**Data extracts**.

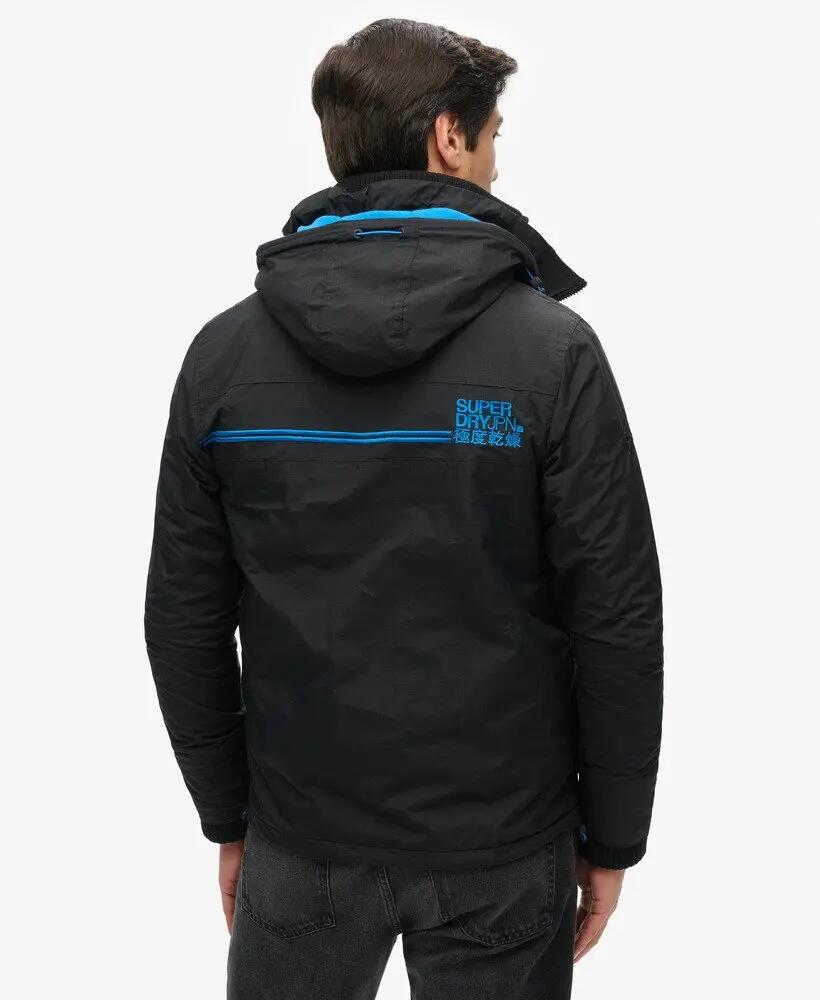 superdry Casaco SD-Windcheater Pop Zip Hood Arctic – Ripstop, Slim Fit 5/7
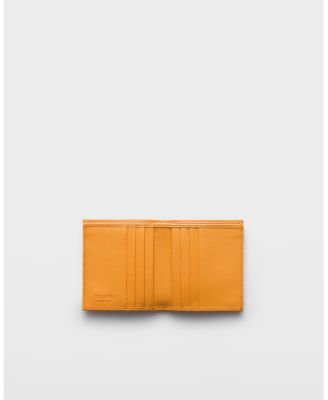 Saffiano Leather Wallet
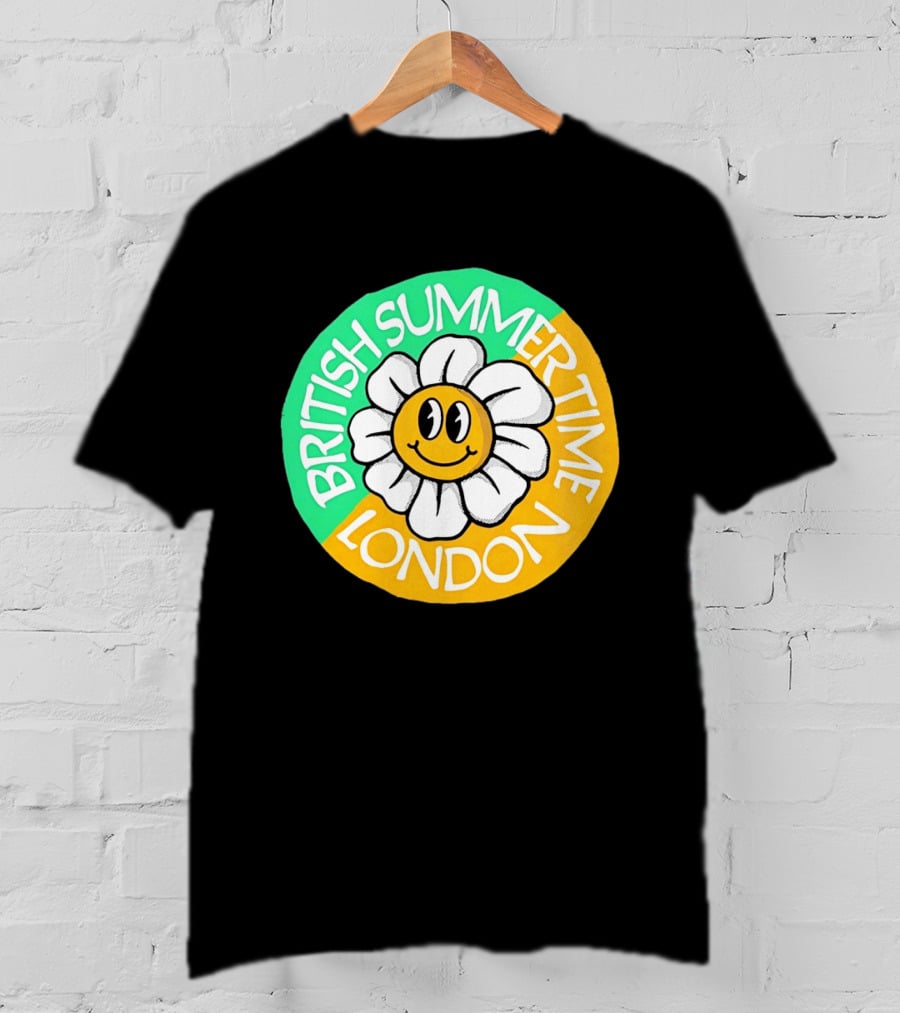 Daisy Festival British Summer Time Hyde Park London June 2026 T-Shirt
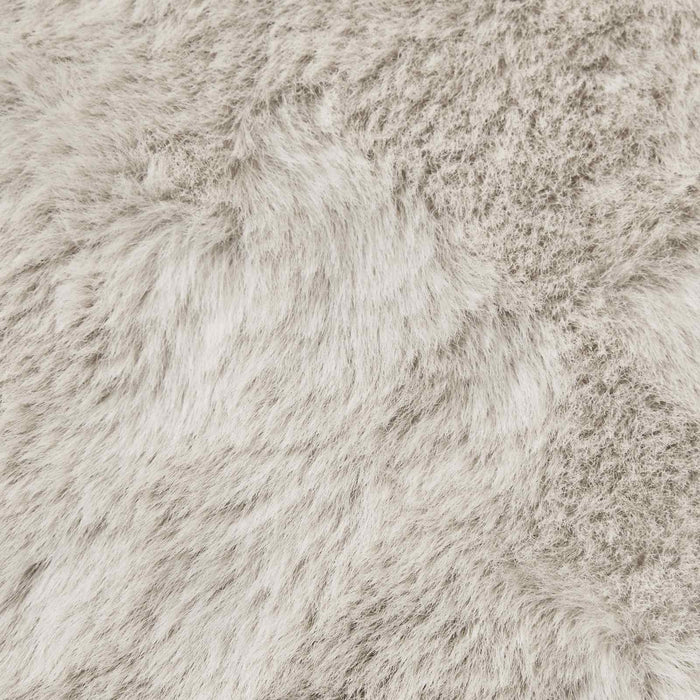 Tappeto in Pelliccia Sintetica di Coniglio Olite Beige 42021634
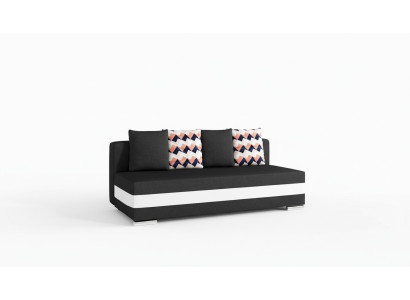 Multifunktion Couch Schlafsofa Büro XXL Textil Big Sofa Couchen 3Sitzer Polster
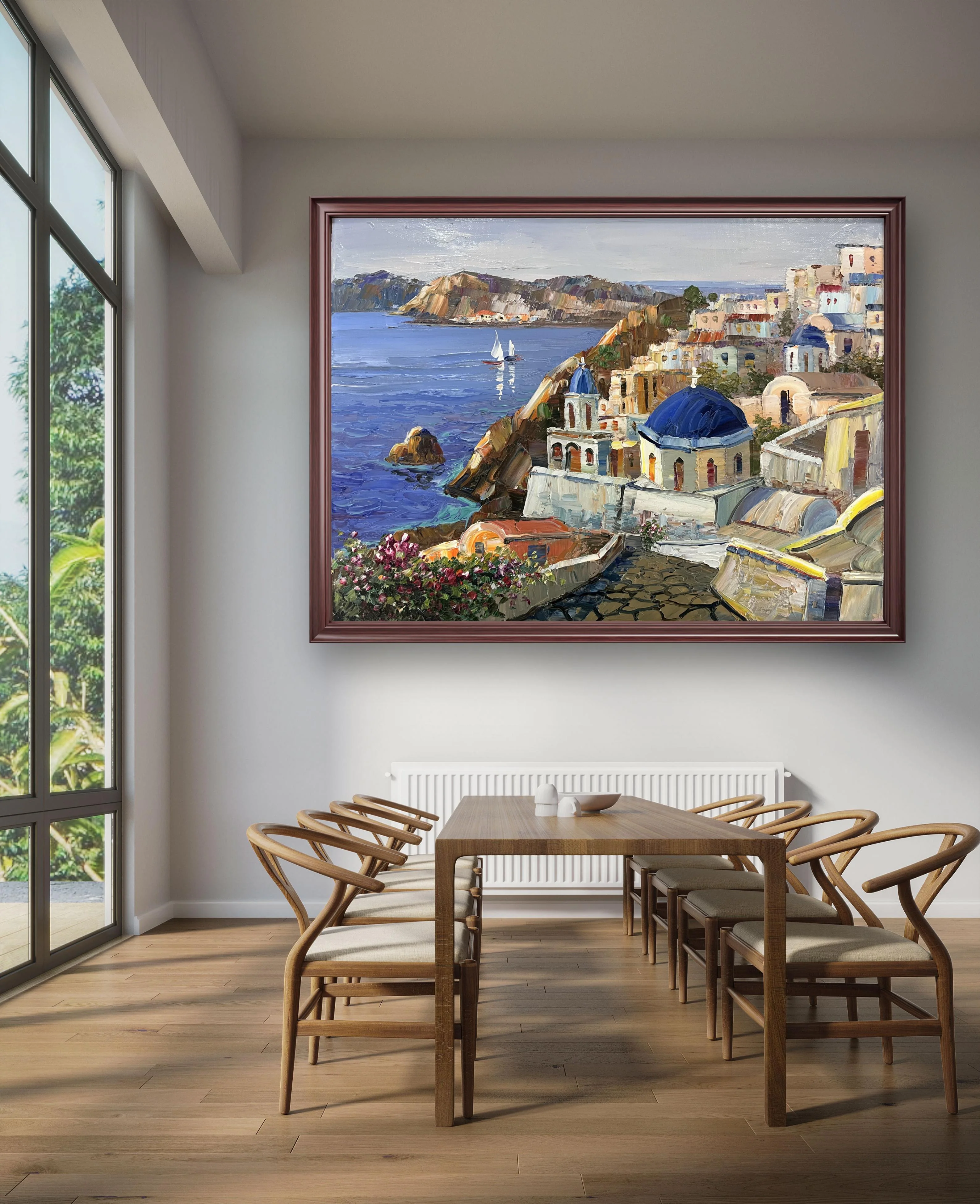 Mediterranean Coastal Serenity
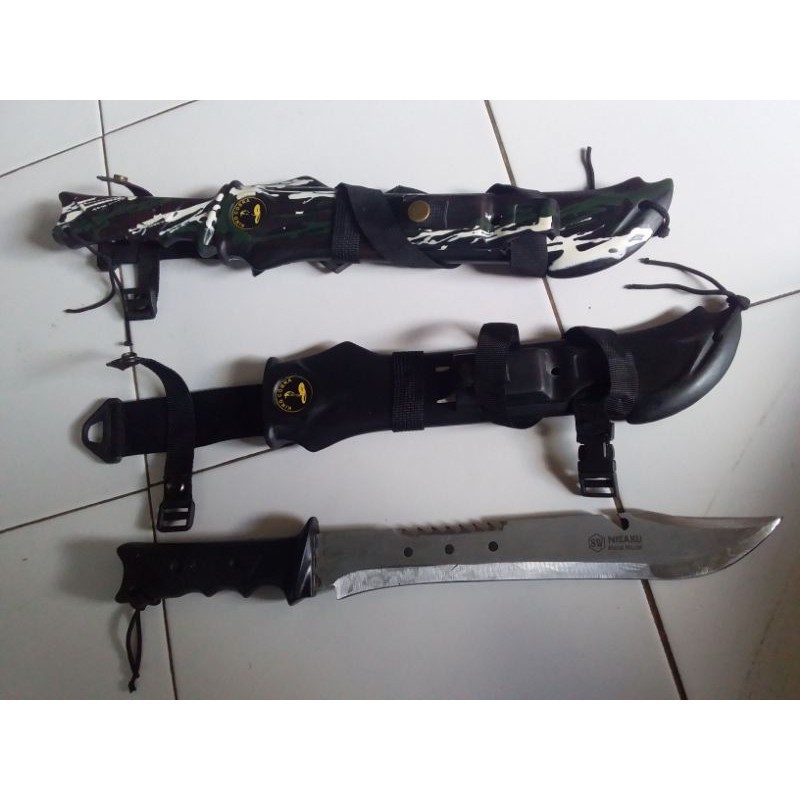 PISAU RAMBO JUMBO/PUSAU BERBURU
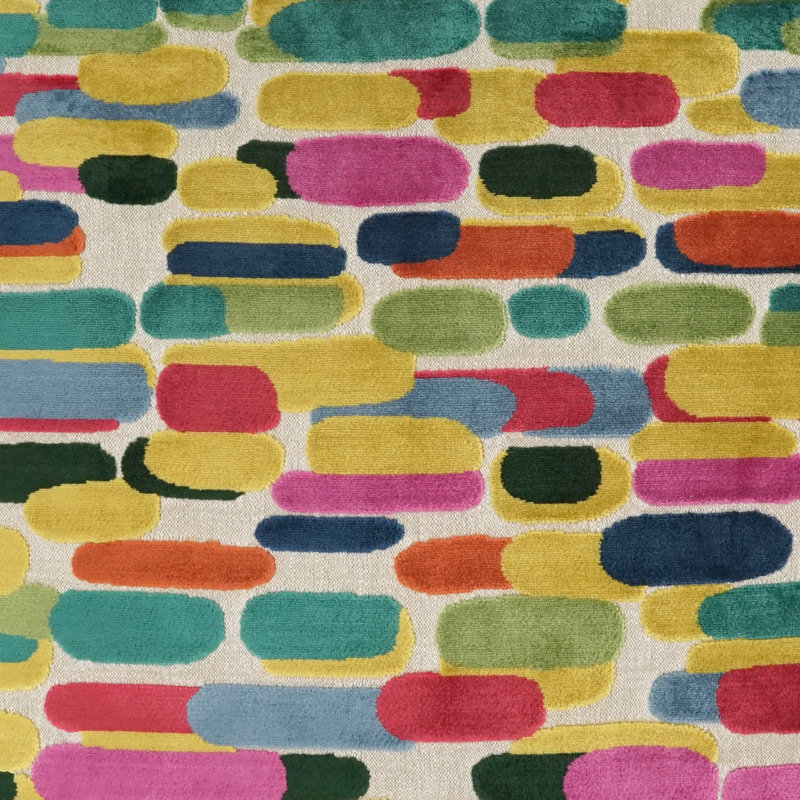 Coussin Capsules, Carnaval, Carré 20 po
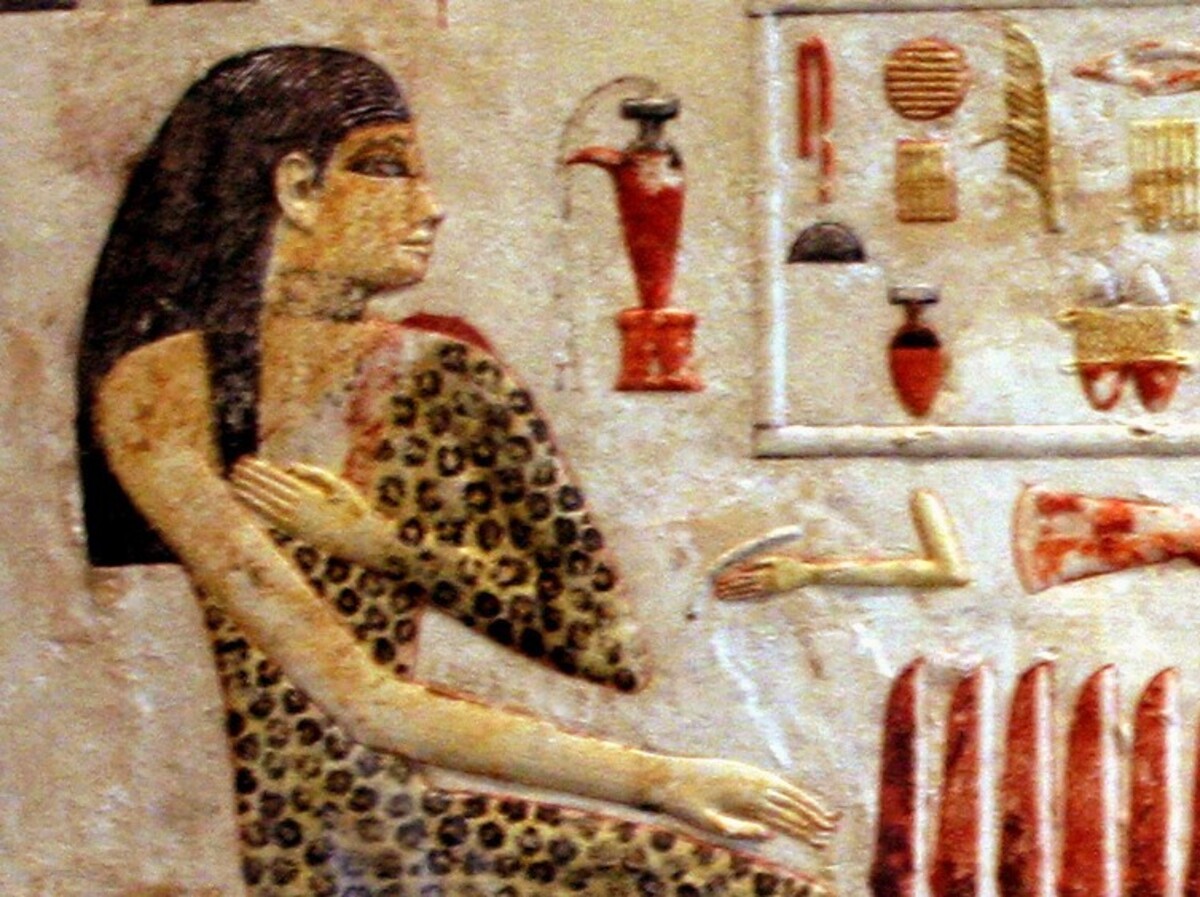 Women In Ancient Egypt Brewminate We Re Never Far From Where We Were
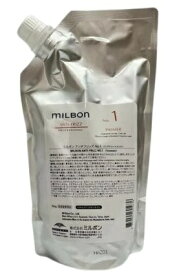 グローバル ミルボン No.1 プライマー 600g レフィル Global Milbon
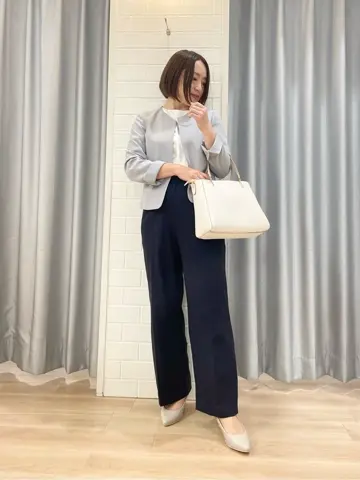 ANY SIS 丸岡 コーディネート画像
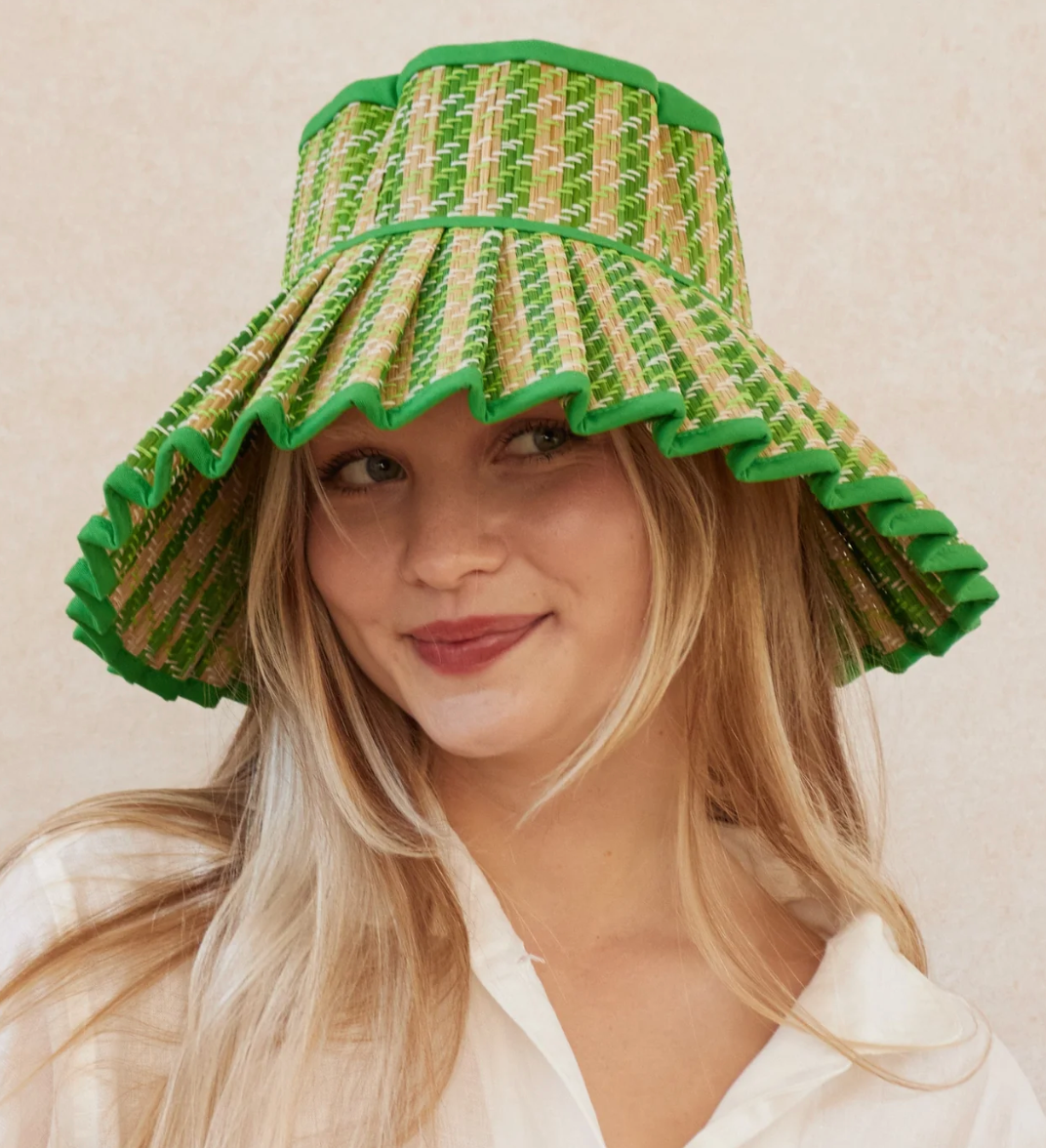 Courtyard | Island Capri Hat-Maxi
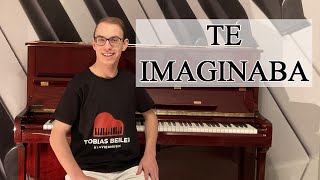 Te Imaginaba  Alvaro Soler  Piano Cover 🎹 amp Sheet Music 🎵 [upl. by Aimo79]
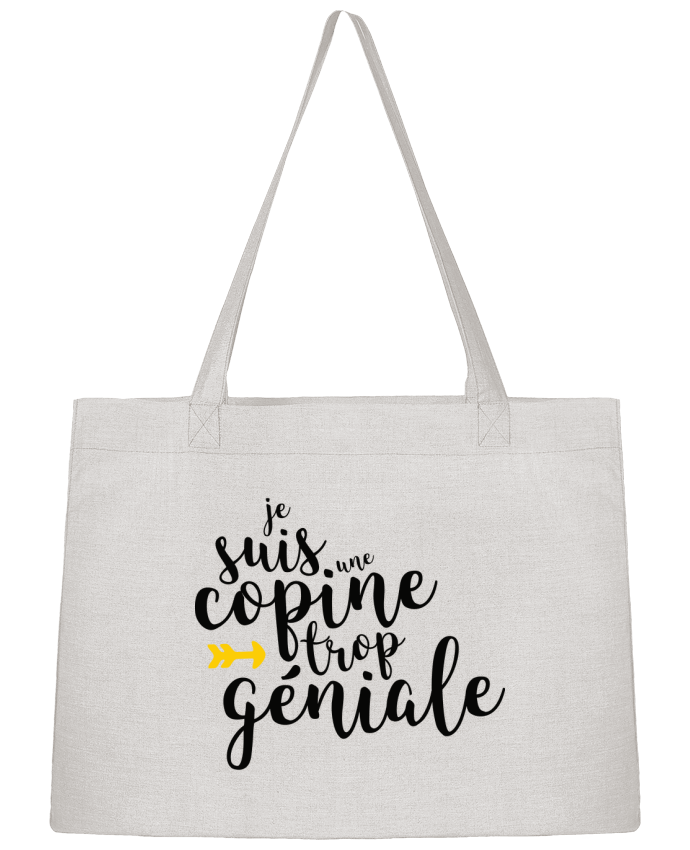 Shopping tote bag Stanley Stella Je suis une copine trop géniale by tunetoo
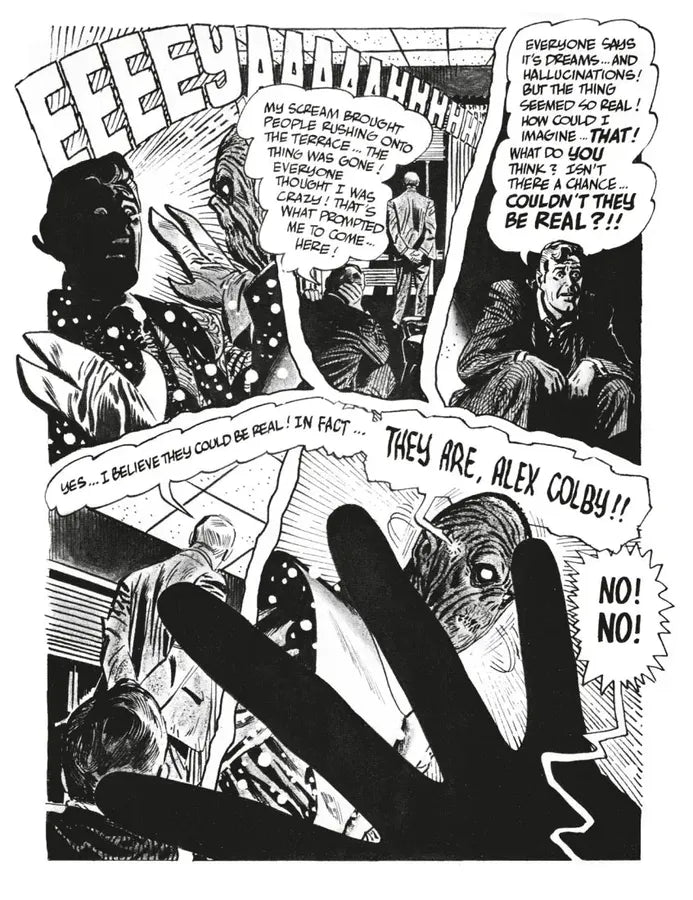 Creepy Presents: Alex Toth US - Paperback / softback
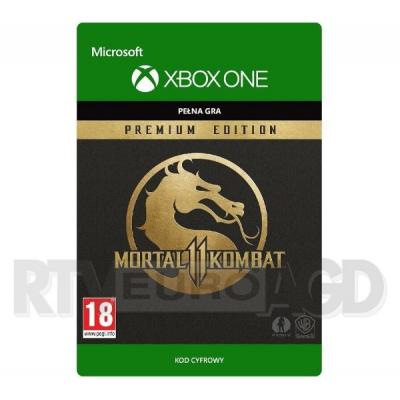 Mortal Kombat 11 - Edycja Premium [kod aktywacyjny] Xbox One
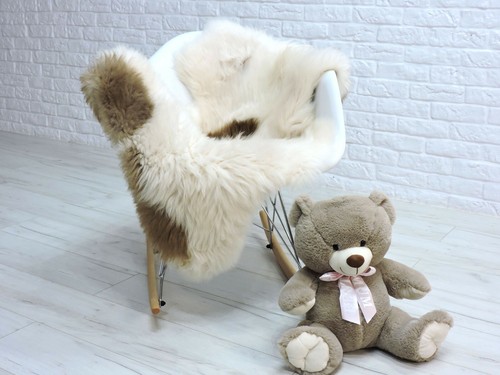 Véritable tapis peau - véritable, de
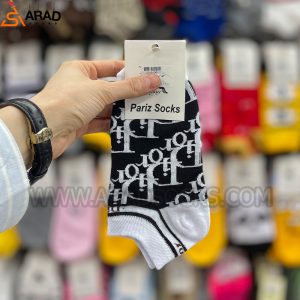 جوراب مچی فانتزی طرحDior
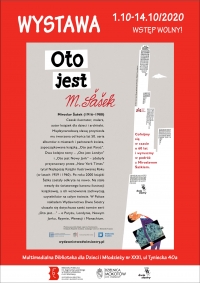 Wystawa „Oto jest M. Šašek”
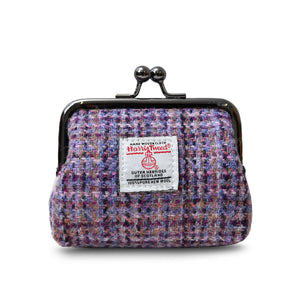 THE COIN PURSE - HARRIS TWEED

**About this task**.
This exercise calls for the complete listing, returned exactly and without images.

**Exercise response**.
 superdry Casaco SD-Windcheater Pop Zip Hood Arctic – Ripstop, Slim Fit 5/7
 Saffiano Leather Wallet
 Daisy Festival British Summer Time Hyde Park London June 2026 T-Shirt
 Tappeto in Pelliccia Sintetica di Coniglio Olite Beige 42021634
 Multifunktion Couch Schlafsofa Büro XXL Textil Big Sofa Couchen 3Sitzer Polster
 Mediterranean Coastal Serenity
 PISAU RAMBO JUMBO/PUSAU BERBURU
 Coussin Capsules, Carnaval, Carré 20 po
 Women In Ancient Egypt Brewminate We Re Never Far From Where We Were
 グローバル ミルボン No.1 プライマー 600g レフィル Global Milbon
 ANY SIS 丸岡 コーディネート画像
 Courtyard | Island Capri Hat-Maxi
 Te Imaginaba  Alvaro Soler  Piano Cover 🎹 amp Sheet Music 🎵 [upl. by Aimo79]
 Shopping tote bag Stanley Stella Je suis une copine trop géniale by tunetoo
 Creepy Presents: Alex Toth US - Paperback / softback
 Mortal Kombat 11 - Edycja Premium [kod aktywacyjny] Xbox One
 Véritable tapis peau - véritable, de
 جوراب مچی فانتزی طرحDior
 Wystawa „Oto jest M. Šašek”
 THE COIN PURSE - HARRIS TWEED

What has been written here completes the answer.